The specifics of printing depend on the process involved and will be described in much more detail further on in the report. Regardless, the 3D printer uses the computer code generated in the previous step to create an initial solid layer of material onto a build surface. The build surface could be a solid platform onto which the part is printed or a layer of unsolidified material that will support the part. This first layer is the first slice of the original 3D model that was calculated by the computer software in step two. Once the first layer is printed, the machine increments to the next height ready to print the next layer. This new height corresponds to the second slice of the original 3D model. The printer then creates a new solid layer based on that second slice. This new solid layer bonds to the previous layer making it one solid piece. The process repeats layer by layer until the final layer is finished. If the bonds between layers are weak, the build could fail or result in a structurally weak part. These anisotropic material properties can manifest as a weaker bond between layers than within layers[34]–[36] but can lead to beneficial properties for magnetic applications[37]. There are some processes strategies[38], [39] and research projects[40] that are addressing this concern with strength.

Step 7: Post-process

Finally, once a part is finished, it is removed from the build chamber and post-processed. This post process could take any number of forms. Some processes require removing support materials[8], [41]. A few need to post cure the material to ensure a fully solid part[42]. Laser melted parts need heat treating to relieve internal stresses that build up in the build process[43]. Binder jetted parts can be placed in an oven to remove a sacrificial binder used in printing. Others are placed in ovens and sintered to increase the strength and density of the part[44]. Infiltrants like glues or metals can be added to give more strength and higher density to the part[42], [44]. Parts can undergo a chemical reaction to change the material for different material properties[45]. Parts can be smoothed by chemicals[42], by blasting or tumbling to remove layer lines. Or parts can have some artistic flourish through hand painting, hydrographics[46], or even electroplating.

Methods and processes

Only recently was a standard designed for classifying the different ways something can be made using AM. In 2009, the American Society for Testing and Materials (ASTM) created a committee to define standards in AM technology[47]. In 2010 they defined seven main technologies used in AM. This was given the standard designation: F2792–12a[48]. As of December 2015, these ASTM standards were replaced with a new standard. ASTM joined with the International Organization for Standardization (ISO) to form ISO/ASTM 52900:2015[49]. Despite having seven uniquely defined categories, there are many different processes within each category. Regardless, the overall method and the underlying principles discussed previously still apply. Variance exists only with the materials, deposition of layers, and methods of adhesion.

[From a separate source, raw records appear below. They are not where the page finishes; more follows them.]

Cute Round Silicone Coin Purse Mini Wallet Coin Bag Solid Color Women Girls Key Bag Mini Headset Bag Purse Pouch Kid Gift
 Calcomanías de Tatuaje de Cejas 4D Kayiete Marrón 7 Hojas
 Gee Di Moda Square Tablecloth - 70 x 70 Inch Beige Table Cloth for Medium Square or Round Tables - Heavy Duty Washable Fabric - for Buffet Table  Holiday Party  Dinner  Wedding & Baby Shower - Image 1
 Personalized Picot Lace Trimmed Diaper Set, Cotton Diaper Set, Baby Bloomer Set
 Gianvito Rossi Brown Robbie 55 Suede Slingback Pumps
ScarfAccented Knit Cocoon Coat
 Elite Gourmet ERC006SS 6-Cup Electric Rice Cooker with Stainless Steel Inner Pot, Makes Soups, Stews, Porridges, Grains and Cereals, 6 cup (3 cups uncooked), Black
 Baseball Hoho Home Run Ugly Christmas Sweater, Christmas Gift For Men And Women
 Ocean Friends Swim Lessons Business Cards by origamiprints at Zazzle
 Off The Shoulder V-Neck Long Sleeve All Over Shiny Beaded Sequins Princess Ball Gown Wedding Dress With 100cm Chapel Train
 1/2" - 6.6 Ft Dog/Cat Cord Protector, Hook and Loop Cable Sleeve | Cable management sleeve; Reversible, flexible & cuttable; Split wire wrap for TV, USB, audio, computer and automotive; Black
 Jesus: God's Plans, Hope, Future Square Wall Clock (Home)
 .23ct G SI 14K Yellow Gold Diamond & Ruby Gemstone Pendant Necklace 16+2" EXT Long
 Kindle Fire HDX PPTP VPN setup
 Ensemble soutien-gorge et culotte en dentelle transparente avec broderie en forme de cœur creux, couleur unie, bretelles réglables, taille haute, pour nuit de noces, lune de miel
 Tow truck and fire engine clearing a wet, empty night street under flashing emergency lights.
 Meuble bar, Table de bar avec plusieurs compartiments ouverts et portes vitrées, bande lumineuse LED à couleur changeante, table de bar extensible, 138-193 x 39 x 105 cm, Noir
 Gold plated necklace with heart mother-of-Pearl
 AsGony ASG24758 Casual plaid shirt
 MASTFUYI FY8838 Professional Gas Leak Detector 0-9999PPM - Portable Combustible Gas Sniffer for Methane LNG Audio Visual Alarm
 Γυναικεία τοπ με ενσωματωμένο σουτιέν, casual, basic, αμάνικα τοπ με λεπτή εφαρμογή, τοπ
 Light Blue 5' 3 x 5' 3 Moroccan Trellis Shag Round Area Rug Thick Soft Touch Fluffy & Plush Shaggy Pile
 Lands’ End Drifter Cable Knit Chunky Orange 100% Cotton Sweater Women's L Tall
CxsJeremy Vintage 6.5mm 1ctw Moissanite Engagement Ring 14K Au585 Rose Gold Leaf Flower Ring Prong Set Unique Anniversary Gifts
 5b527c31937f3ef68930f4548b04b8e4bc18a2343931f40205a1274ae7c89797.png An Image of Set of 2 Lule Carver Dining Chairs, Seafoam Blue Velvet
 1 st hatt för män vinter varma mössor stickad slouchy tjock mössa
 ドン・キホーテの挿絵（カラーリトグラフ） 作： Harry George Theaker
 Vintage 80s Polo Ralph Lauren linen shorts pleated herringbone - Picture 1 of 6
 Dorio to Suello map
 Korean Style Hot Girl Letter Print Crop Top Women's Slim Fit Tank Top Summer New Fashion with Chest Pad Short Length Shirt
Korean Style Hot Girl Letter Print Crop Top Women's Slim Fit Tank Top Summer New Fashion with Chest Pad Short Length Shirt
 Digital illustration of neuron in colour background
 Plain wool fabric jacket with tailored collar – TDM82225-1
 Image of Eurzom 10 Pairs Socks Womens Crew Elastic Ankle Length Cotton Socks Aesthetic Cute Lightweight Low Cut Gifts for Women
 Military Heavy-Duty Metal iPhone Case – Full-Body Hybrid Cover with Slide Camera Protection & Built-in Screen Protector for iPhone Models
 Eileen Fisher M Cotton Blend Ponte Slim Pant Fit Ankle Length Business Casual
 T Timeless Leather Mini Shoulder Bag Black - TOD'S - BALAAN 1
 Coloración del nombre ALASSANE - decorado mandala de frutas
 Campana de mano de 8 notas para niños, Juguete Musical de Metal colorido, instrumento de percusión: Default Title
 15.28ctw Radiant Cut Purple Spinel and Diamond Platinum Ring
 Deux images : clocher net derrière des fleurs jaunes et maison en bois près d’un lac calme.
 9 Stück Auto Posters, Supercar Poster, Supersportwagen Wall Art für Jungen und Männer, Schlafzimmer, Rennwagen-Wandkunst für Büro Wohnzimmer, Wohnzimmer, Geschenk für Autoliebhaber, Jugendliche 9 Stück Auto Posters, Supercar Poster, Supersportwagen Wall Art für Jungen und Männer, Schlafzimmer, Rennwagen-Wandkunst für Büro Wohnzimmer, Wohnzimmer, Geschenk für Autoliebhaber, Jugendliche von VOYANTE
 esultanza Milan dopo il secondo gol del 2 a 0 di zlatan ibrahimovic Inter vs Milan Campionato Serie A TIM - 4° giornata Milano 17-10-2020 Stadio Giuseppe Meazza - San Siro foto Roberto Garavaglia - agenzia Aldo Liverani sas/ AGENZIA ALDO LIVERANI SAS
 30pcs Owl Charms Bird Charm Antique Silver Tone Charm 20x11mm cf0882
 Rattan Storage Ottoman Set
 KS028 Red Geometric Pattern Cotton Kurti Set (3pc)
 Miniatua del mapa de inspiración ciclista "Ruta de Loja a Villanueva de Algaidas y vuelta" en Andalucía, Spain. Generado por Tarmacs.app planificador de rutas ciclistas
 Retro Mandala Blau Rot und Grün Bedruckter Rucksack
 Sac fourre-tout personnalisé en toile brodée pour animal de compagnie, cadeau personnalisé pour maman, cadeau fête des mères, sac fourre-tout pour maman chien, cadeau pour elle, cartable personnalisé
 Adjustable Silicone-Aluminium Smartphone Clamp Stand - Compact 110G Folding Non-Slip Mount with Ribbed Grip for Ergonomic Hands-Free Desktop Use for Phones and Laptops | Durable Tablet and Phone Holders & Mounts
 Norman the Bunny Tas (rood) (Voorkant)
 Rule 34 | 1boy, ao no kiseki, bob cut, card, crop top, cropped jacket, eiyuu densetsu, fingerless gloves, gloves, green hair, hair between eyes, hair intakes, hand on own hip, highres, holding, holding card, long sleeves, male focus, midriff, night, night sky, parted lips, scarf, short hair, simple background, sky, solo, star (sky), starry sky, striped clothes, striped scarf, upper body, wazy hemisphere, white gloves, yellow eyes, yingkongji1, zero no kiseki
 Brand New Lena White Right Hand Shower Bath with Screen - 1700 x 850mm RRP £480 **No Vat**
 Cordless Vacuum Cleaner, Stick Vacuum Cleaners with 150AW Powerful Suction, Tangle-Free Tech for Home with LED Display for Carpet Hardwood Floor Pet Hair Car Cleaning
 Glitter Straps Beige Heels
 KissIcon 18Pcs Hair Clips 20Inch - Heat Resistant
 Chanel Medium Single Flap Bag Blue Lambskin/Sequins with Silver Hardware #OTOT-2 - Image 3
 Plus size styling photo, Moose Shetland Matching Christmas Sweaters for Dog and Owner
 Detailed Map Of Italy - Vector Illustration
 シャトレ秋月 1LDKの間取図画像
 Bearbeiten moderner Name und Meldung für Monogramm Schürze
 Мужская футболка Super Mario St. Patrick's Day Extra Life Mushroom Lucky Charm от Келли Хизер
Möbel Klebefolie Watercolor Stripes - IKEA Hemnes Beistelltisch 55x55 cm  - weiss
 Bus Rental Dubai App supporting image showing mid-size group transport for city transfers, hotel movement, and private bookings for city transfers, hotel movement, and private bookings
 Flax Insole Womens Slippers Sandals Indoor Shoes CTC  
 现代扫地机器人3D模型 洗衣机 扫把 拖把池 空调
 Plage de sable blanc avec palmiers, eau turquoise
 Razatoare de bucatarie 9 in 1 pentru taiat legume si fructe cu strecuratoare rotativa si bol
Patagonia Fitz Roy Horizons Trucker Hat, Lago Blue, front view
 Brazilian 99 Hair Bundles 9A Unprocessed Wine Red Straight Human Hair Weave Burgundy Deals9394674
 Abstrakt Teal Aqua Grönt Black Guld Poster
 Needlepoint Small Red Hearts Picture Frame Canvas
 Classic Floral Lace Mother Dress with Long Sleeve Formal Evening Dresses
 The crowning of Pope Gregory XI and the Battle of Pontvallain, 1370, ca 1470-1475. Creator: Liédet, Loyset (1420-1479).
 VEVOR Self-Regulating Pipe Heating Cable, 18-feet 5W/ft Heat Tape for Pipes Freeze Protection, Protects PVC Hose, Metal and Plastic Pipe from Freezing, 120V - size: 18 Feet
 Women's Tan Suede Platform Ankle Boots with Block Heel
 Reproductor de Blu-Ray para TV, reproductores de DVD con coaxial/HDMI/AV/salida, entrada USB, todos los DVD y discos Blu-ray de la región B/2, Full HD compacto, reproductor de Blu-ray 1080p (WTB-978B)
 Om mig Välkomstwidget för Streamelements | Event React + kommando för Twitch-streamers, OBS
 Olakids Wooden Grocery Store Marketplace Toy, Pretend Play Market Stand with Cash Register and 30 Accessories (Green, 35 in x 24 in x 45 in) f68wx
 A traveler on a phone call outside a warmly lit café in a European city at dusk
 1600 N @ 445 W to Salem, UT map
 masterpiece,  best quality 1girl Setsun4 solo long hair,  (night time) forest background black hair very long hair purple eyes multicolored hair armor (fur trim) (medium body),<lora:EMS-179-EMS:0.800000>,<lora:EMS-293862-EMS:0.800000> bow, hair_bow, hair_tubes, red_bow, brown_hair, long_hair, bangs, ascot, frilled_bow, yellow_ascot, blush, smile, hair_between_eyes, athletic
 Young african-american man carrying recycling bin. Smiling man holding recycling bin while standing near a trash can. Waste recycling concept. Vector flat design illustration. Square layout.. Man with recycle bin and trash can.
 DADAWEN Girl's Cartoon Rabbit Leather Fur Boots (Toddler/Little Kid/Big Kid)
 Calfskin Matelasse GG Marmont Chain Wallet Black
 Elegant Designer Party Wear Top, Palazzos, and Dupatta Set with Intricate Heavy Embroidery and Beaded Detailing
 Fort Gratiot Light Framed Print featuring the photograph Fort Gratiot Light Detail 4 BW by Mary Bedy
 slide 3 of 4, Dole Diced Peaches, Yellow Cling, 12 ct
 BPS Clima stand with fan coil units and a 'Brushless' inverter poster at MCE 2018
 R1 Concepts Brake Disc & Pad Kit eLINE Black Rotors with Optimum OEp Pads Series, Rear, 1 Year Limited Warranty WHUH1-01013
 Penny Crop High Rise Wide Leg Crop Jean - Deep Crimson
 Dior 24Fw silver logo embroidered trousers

These seven categories will be explored in depth with their:

  • definition
  • alternate industrial or trade names
  • a brief history
  • description of method and materials
  • advantages and disadvantages

These seven categories are (in alphabetical order):

  1. binder jetting
  2. directed energy deposition
  3. material extrusion
  4. material jetting
  5. powder bed fusion
  6. sheet lamination
  7. vat photopolymerization

The following are some common terms that are used when talking about these processes. They come from the ISO/ASTM definitions and are used throughout the seven category descriptions[49].

3D printer: the machine used for 3D printing.

Build chamber: the enclosed location within the 3D printer where the parts are fabricated.

Build platform: a base which provides a surface upon which the building of the part is started and supported throughout the build process.

Build space: the location where it is possible for parts to be fabricated, typically within the build chamber or on a build platform.

Build surface: the area where material is added, normally on the last deposited layer or for the first layer, the build surface is often the build platform.

Build volume: the total usable volume available in the machine for building parts.

References:

[1]    N. Hopkinson, R. Hague, and P. Dickens, Rapid manufacturing: an industrial revolution for the digital age. Chichester, England: John Wiley & Sons, 2006.

[2]    T. S. Srivatsan and T. S. Sudarshan, Additive Manufacturing: Innovations, Advances, and Applications. Boca Raton, Florida, USA: CRC Press/Taylor and Francis, 2015.

[3]    B. Berman, “3-D printing: The new industrial revolution,” Business Horizons, vol. 55, no. 2, pp. 155–162, Mar. 2012.

[4]    B. Lyons, Additive Manufacturing in Aerospace: Examples and Research Outlook, vol. 42, no. 1. Washington, D.C., USA: National Academy of Engineering, 2012.

[5]    A. K. Misra, J. E. Grady, and R. Carter, “Additive Manufacturing of Aerospace Propulsion Components,” Additive Manufacturing for Small Manufacturers, Pittsburgh, Pennsylvania, USA, Oct. 2015.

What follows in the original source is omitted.